LinuxLists.cc - [PATCH] nvme-pci: assign separate irq vectors for adminq and ioq0

2018-02-27 08:56:31

Subject: [PATCH] nvme-pci: assign separate irq vectors for adminq and ioq0

Currently, adminq and ioq0 share the same irq vector. This is
unfair for both amdinq and ioq0.
- For adminq, its completion irq has to be bound on cpu0.
- For ioq0, when the irq fires for io completion, the adminq irq
action has to be checked also.

To improve this, allocate separate irq vectors for adminq and
ioq0, and not set irq affinity for adminq one.

Signed-off-by: Jianchao Wang <[email protected]>
---
drivers/nvme/host/pci.c | 12 +++++++-----
1 file changed, 7 insertions(+), 5 deletions(-)

diff --git a/drivers/nvme/host/pci.c b/drivers/nvme/host/pci.c
index 73036d2..7f421b7 100644
--- a/drivers/nvme/host/pci.c
+++ b/drivers/nvme/host/pci.c
@@ -1456,7 +1456,7 @@ static int nvme_create_queue(struct nvme_queue *nvmeq, int qid)
nvmeq->sq_cmds_io = dev->cmb + offset;
}

- nvmeq->cq_vector = qid - 1;
+ nvmeq->cq_vector = qid;
result = adapter_alloc_cq(dev, qid, nvmeq);
if (result < 0)
return result;
@@ -1909,6 +1909,8 @@ static int nvme_setup_io_queues(struct nvme_dev *dev)
struct pci_dev *pdev = to_pci_dev(dev->dev);
int result, nr_io_queues;
unsigned long size;
+ struct irq_affinity affd = {.pre_vectors = 1};
+ int ret;

nr_io_queues = num_present_cpus();
result = nvme_set_queue_count(&dev->ctrl, &nr_io_queues);
@@ -1945,11 +1947,11 @@ static int nvme_setup_io_queues(struct nvme_dev *dev)
* setting up the full range we need.
*/
pci_free_irq_vectors(pdev);
- nr_io_queues = pci_alloc_irq_vectors(pdev, 1, nr_io_queues,
- PCI_IRQ_ALL_TYPES | PCI_IRQ_AFFINITY);
- if (nr_io_queues <= 0)
+ ret = pci_alloc_irq_vectors_affinity(pdev, 1, (nr_io_queues + 1),
+ PCI_IRQ_ALL_TYPES | PCI_IRQ_AFFINITY, &affd);
+ if (ret <= 0)
return -EIO;
- dev->max_qid = nr_io_queues;
+ dev->max_qid = ret - 1;

/*
* Should investigate if there's a performance win from allocating
--
2.7.4

2018-02-27 16:38:12

by Keith Busch

[permalink] [raw]

Subject: Re: [PATCH] nvme-pci: assign separate irq vectors for adminq and ioq0

On Tue, Feb 27, 2018 at 04:46:17PM +0800, Jianchao Wang wrote:
> Currently, adminq and ioq0 share the same irq vector. This is
> unfair for both amdinq and ioq0.
> - For adminq, its completion irq has to be bound on cpu0.
> - For ioq0, when the irq fires for io completion, the adminq irq
> action has to be checked also.

This change log could use some improvements. Why is it bad if admin
interrupts affinity is with cpu0?

Are you able to measure _any_ performance difference on IO queue 1 vs IO
queue 2 that you can attribute to IO queue 1's sharing vector 0?

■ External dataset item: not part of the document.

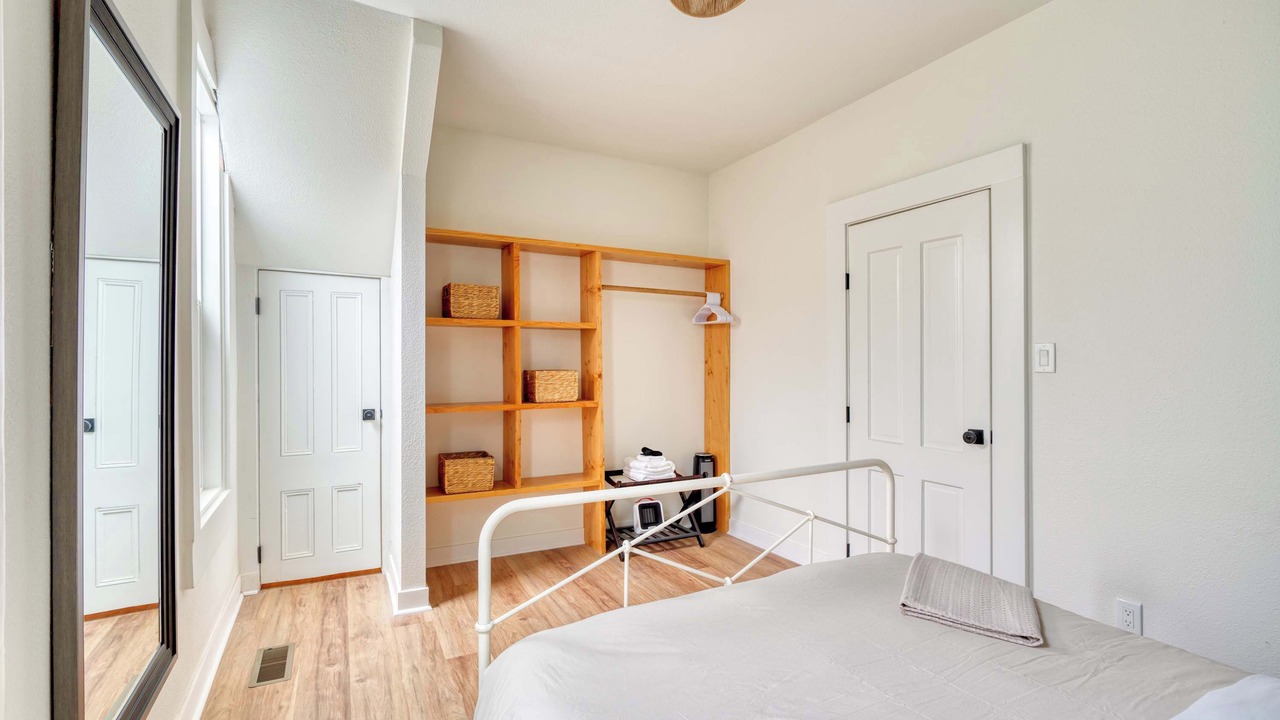 Photo of Bedroom in Uptown
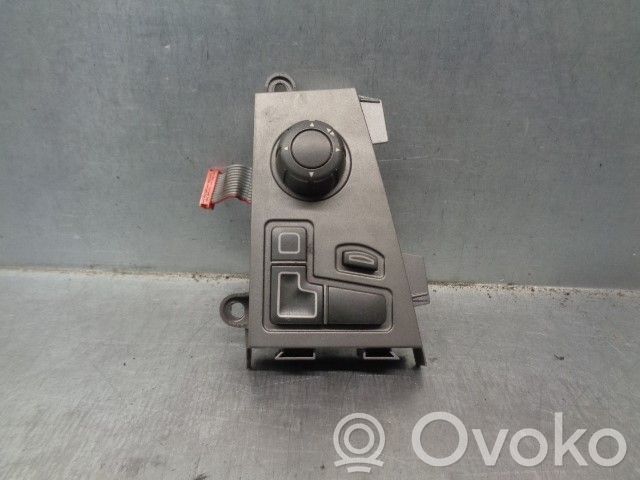 BMW 7 E65 E66 Istuimen säädön kytkin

> @@ -1945,11 +1947,11 @@ static int nvme_setup_io_queues(struct nvme_dev *dev)
> * setting up the full range we need.
> */
> pci_free_irq_vectors(pdev);
> - nr_io_queues = pci_alloc_irq_vectors(pdev, 1, nr_io_queues,
> - PCI_IRQ_ALL_TYPES | PCI_IRQ_AFFINITY);
> - if (nr_io_queues <= 0)
> + ret = pci_alloc_irq_vectors_affinity(pdev, 1, (nr_io_queues + 1),
> + PCI_IRQ_ALL_TYPES | PCI_IRQ_AFFINITY, &affd);
> + if (ret <= 0)
> return -EIO;
> - dev->max_qid = nr_io_queues;
> + dev->max_qid = ret - 1;

So controllers that have only legacy or single-message MSI don't get any
IO queues?

2018-02-28 02:55:38

by jianchao.wang

[permalink] [raw]

Subject: Re: [PATCH] nvme-pci: assign separate irq vectors for adminq and ioq0

Hi Keith

Thanks for your precious time to review this.

On 02/27/2018 11:13 PM, Keith Busch wrote:
> On Tue, Feb 27, 2018 at 04:46:17PM +0800, Jianchao Wang wrote:
>> Currently, adminq and ioq0 share the same irq vector. This is
>> unfair for both amdinq and ioq0.
>> - For adminq, its completion irq has to be bound on cpu0.
>> - For ioq0, when the irq fires for io completion, the adminq irq
>> action has to be checked also.
>
> This change log could use some improvements. Why is it bad if admin
> interrupts affinity is with cpu0?

adminq interrupts should be able to fire everywhere.
do we have any reason to bound it on cpu0 ?

>
> Are you able to measure _any_ performance difference on IO queue 1 vs IO
> queue 2 that you can attribute to IO queue 1's sharing vector 0?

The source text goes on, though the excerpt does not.